> **Work order**
Below are some records. Write out the lines from the one containing "秋田県大館市桜町南8-16周辺の地図" to the last line, word for word, leaving out pictures.

====== Data for review ======

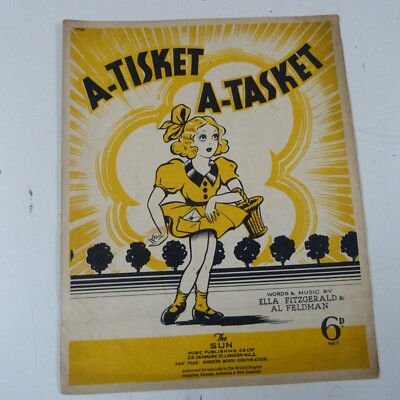 song sheet A-TISKET A-TASKET Ella Fitzgerald Al Feldman 1938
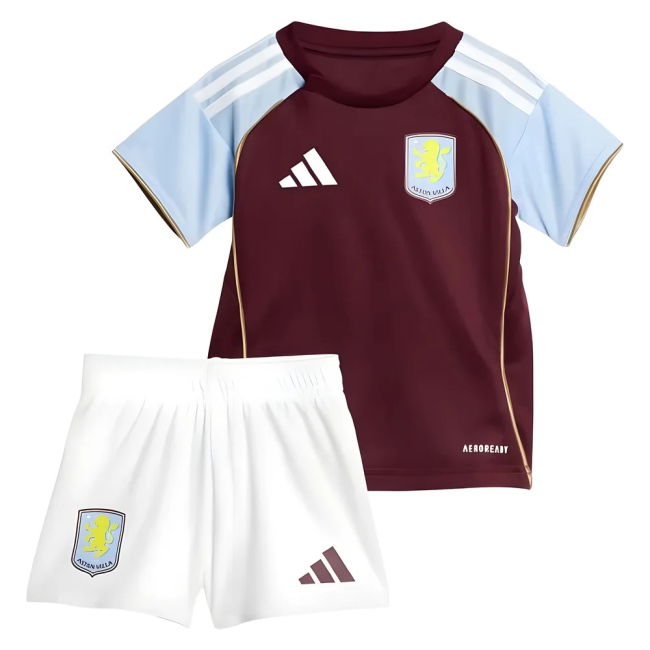 Elite Style Aston Villa Professional Look Home Elite Kit (Baby)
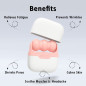 Leeshine Ice Roller Set for Face & Eyes – 2 Cold Therapy Rollers with Travel Case, Pink Skin Care Tool Leeshine Ice Roller Set for Face & Eyes – 2 Cold Therapy Rollers with Travel Case, Pink Skin Care Tool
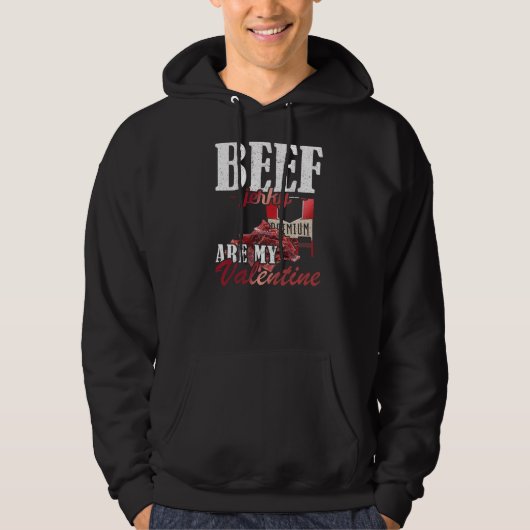 Veste À Capuche Valentines Day Beef Jerky Sont Mes Valentin (Devant)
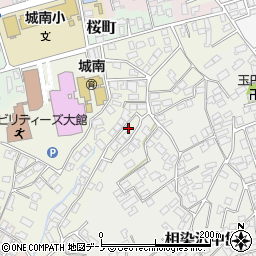 秋田県大館市桜町南8-16周辺の地図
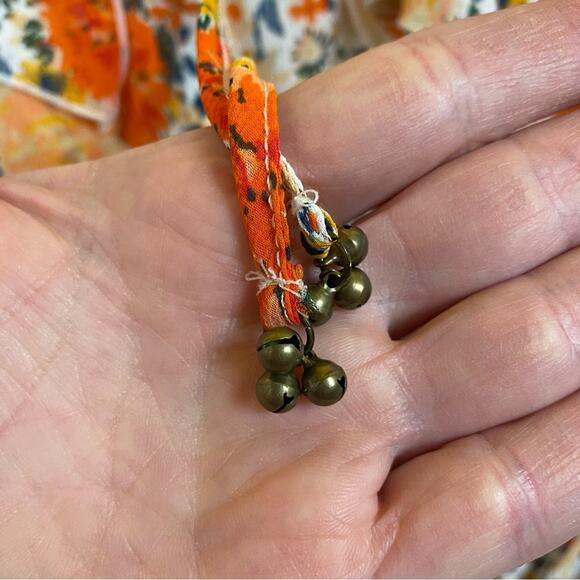 Free People Intimately Free Say It To Me Floral Boho Prairie Bodysuit Size Small - Picture 6 of 11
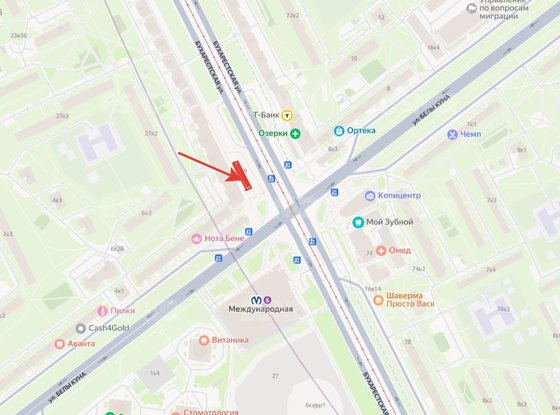 Аренда торгового помещения - Бухарестская улица, д.23, корп.9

======

> **Final answer**
 秋田県大館市桜町南8-16周辺の地図
 Free People Intimately Free Say It To Me Floral Boho Prairie Bodysuit Size Small - Picture 6 of 11
 Аренда торгового помещения - Бухарестская улица, д.23, корп.9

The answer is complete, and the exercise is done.